Temel yayın ilkemiz ya da yasamız; her hangi bir alanda Dersim davası için, Dersim Meclisi’yle çalışmak isteyen her Dersimli ile birlikte çalışmak olmalı. Yayın çalışmamızı da bu durum koşullandırmalıdır. Bu durum Dersim dostu kişiler için de geçerli olacaktır. Zira, biz olabildiğince en geniş Dersimli kesimlerle bu meclis çatısı altında birleşmek gibi büyük bir hayal kuruyoruz. Bu anlamda bize yaklaşan, davamıza, büyük ya da küçük kim ne katkı sağlayabiliyorsa onu önemseyeceğiz. Biriyle sadece bir alanda/konuda, bir başkasıyla birkaç konuda birlikte çalışmak ve katkısını almak alanımızı geniş tutacağız.

Sonuç olarak, Dersim Meclisi’nin amaç ve hedefleri ile yayın politikamız birbirinden kopmaz bir bütün olmalı. Deklare ettiğimiz hedef ve amaçlarımızla, bu site ve ileride daha da olacak yayın organlarımızda ve evimizde yazdıklarımız ve konuştuklarımız birbirileriyle ahenkli olacak.

Yayın ilkelerimiz

* Bu site, sivil ve legal bağlamda Dersim Fikriyatı’nın oluşumuna katkı sağlamayı hedefler.
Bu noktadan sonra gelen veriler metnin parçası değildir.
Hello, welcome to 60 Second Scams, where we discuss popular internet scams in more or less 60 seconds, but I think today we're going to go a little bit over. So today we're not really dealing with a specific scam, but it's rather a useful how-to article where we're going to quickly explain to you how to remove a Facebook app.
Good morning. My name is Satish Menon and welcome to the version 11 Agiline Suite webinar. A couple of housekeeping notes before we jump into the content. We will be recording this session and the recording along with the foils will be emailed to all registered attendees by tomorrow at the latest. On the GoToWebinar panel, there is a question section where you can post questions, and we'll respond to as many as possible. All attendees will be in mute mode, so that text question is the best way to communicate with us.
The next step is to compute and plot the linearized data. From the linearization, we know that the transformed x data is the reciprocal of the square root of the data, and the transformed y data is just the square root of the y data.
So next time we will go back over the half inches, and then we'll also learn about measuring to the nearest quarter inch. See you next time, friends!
Bu alanda yürütülecek her çalışmaya açıktır.

* Prensip olarak sitede, yazıların bilinen isimlerle yazılmasından yanayız. Geniş toplum kesimlerince bilinmeyen/tanınmayan kod isimlerle yazıların yayınlanmasını doğru bulmuyoruz.

* Sitemiz, Dersim’deki kültürel ve inançsal farklılıkları zenginlik olarak kabul eder; bunlardan dolayı ayrımcılık üreten, ötekileştirici ve dışlayıcı yazılar bu sitede yer bulamayacak.
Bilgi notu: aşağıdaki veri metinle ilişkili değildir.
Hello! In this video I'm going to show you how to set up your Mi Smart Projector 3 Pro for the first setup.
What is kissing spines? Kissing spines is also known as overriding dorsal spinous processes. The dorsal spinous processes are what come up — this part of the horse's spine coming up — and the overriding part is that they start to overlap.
* Bu site, kişi hak ve hürriyetine son derece hassas davranacak; kişi mahremiyetine yönelik yazılara yer vermeyecek.

* Hiç kimse cinsel kimliği, dili ve dini inancından dolayı horlanamaz; ırk veya milliyet mensubiyeti nedeniyle küçümsenemez veya teşhir edilip aşağılanamaz.

* Şiddeti teşvik eden, onu öven veya savunan yazılar bu sitede yer alamayacak.

* Polemik yaratacak, kişisel hassasiyetleri gözardı eden; onur kırıcı yazılara, bu site yer vermeyecek.

* Atalarımızın var olma yolunda verdikleri mücadelenin geçmiş ve geleceğine sahip çıkar. Dersim dillerine sahip çıkar. UNESCO tarafından yok olan diller listesine alınmış olan Kırmancki-Zazaki dilinin yaşaması için pozitif ayırımcılık uygulamasından yana bir tavrı doğru bilir.